By Rick Zieger, Iowa

This second full week of November was much different from the first full week of November. The fishing stated fast last week and slowed down. This week was just the opposite.

I went out Tuesday and braved the wind. I was still coming up a little short of where I wanted my casts to go, but that is the way things happen when you fish when you can. I am still working on this casting into the wind and getting the same distance I do when the wind is not blowing.

I did work on my left-handed casting and can get about 80% of the distance that I do when casting right-handed. Not bad when going into the wind. I am finding more and more times that I am making left-handed casts, even in the canoe, because it is easier to put the fly where I want it to go.

I did not get any fish, but the time was well spent in my mind. I don't think this statement was a rationalization in my mind. But being a fisherman you never can tell.

Thursday was another story. The wind was blowing about 30 mph out of the north. I did go out to the lake, but after about 15 minutes my hands were freezing. Bringing the wet fly line in, with bare hands, in the wind was just not working out. The wind coming across my wet hands was causing them to go numb. When I had trouble feeling the fly line, I quit and came back to the office.

Friday was a different story. I went out and decided to try the settling pond this time. I got to where the culvert is and set up to fish. I made the first cast straight out, just to see what might happen. I let the fly drop for a count of 10 and then started to slowly retrieve it. That did not work. In fact it did not work on the next several casts, even with a second fly.

The solution came by serendipity. I made another cast and somehow managed to get the line to the reel to spin. It did not come off the reel, but it unwrapped on the reel. I am smart enough to know to fix this before I try to do anything else. It took about 30 seconds to get the line straightened out on the reel. When I started to retrieve the fly, I had a fish on the line.

This turned out to be a crappie, about 10 inches long. This is a little bigger than they normally run in this lake. But who am I to argue with success?

On the next cast I let the fly drop for a much longer time period than I had been doing at the beginning. Again when I started to retrieve the fly, another fish was on the line. It was another crappie of the same size. Could it be that the fish were deeper and taking the fly on the drop?

The way to tell is to get the fly out there again. Each time I got the fly out about 35 to 40 feet, straight out from the shore, and let it drop for about 30 seconds, I would hook a fish. All of them were on the fly as soon as I started to retrieve the fly after it had dropped. If there was not a fish on it by then, I did not get a strike on the rest of the retrieve.
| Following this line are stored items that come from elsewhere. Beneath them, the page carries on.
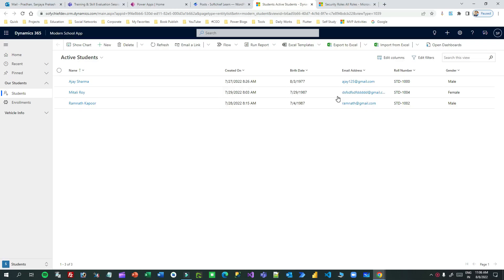Hi everyone, welcome to another video. My name is Sanjay Prakash and today I will tell you about an important topic: the difference between Append and Append To. Most candidates and consultants are not clear about this topic. Append and Append To are two privileges that are complementary to each other.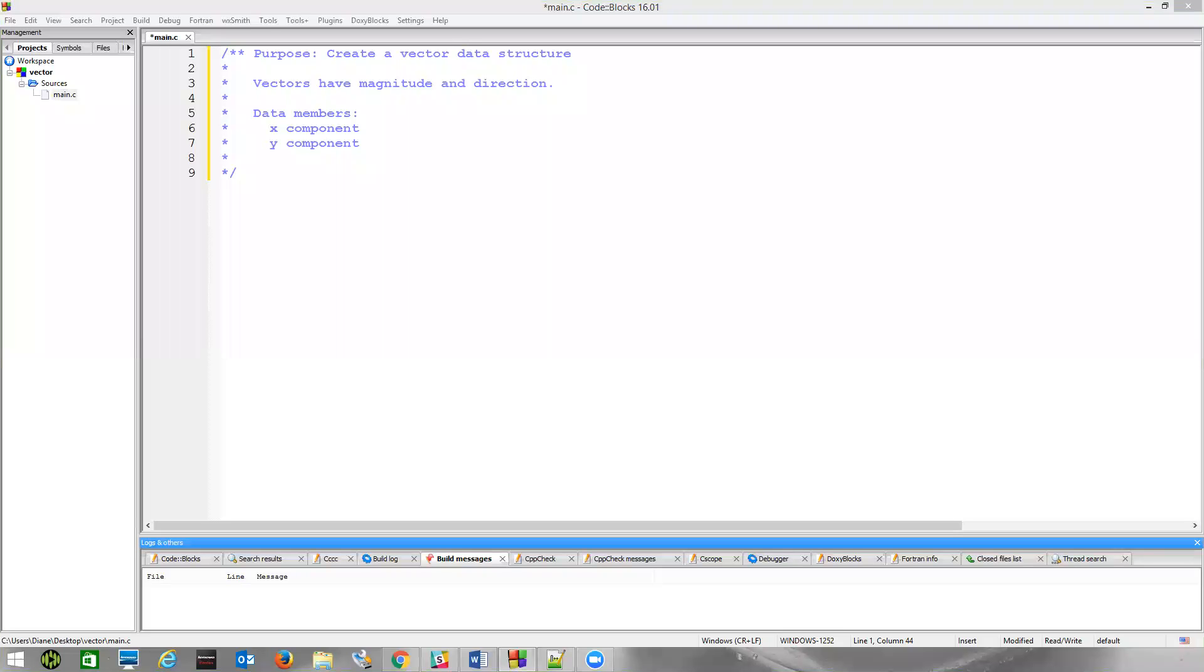All right, you've got a homework assignment to create a vector data structure and to write some functions to manipulate that information. I've got a Code Blocks project up here with a set of comments that says the purpose of this file is to create a vector data structure, and I remind you that vectors have magnitude and direction.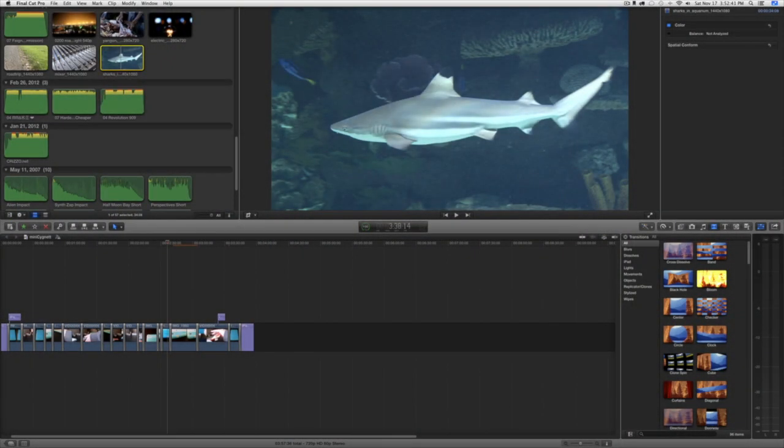Hello, this is Christopher, and today I have a quick Final Cut Pro X tip that has to do with background rendering.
I am not saying that they would not hit on the retrieve. If I could have cast out farther and brought the fly by the place where the fish were hitting the fish might have hit the fly on the retrieve. I had a few casts fall short and the fish did not take the fly. The only time I got fish when I was out near the maximum distance that I could cast the fly.

After I figured out what was going on, more by luck than smarts, I caught 23 fish in 25 casts.

Most of them were crappie, but I got a few bluegills and one bass in the mix. Then the inevitable happened. It was time to go back to work.

It was a fun way to end the work week. Tonight I will be a good guy and donate blood for the blood bank. Tomorrow I will try to hit a pond.